── Material for this task

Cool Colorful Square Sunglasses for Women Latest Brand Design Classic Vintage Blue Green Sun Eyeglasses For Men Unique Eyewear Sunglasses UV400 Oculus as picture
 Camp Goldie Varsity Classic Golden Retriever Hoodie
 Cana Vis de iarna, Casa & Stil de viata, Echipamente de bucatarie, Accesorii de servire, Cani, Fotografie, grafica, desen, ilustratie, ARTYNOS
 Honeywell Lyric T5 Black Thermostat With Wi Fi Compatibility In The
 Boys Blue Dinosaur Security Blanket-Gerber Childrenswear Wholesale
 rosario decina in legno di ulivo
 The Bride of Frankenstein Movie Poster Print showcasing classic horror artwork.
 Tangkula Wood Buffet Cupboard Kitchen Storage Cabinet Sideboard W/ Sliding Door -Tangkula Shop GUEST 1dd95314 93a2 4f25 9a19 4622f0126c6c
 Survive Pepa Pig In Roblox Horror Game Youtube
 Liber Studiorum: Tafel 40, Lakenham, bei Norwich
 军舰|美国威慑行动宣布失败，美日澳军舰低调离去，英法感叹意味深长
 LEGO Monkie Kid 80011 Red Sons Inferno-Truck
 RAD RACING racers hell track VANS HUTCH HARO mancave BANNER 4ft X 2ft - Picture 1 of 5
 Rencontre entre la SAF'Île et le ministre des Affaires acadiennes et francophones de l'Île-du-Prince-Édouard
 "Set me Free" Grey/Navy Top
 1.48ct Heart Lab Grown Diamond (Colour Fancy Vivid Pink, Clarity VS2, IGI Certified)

────

Show the lines in the entries above that include the string "Blue".

> Task solution:
Cool Colorful Square Sunglasses for Women Latest Brand Design Classic Vintage Blue Green Sun Eyeglasses For Men Unique Eyewear Sunglasses UV400 Oculus as picture
 Boys Blue Dinosaur Security Blanket-Gerber Childrenswear Wholesale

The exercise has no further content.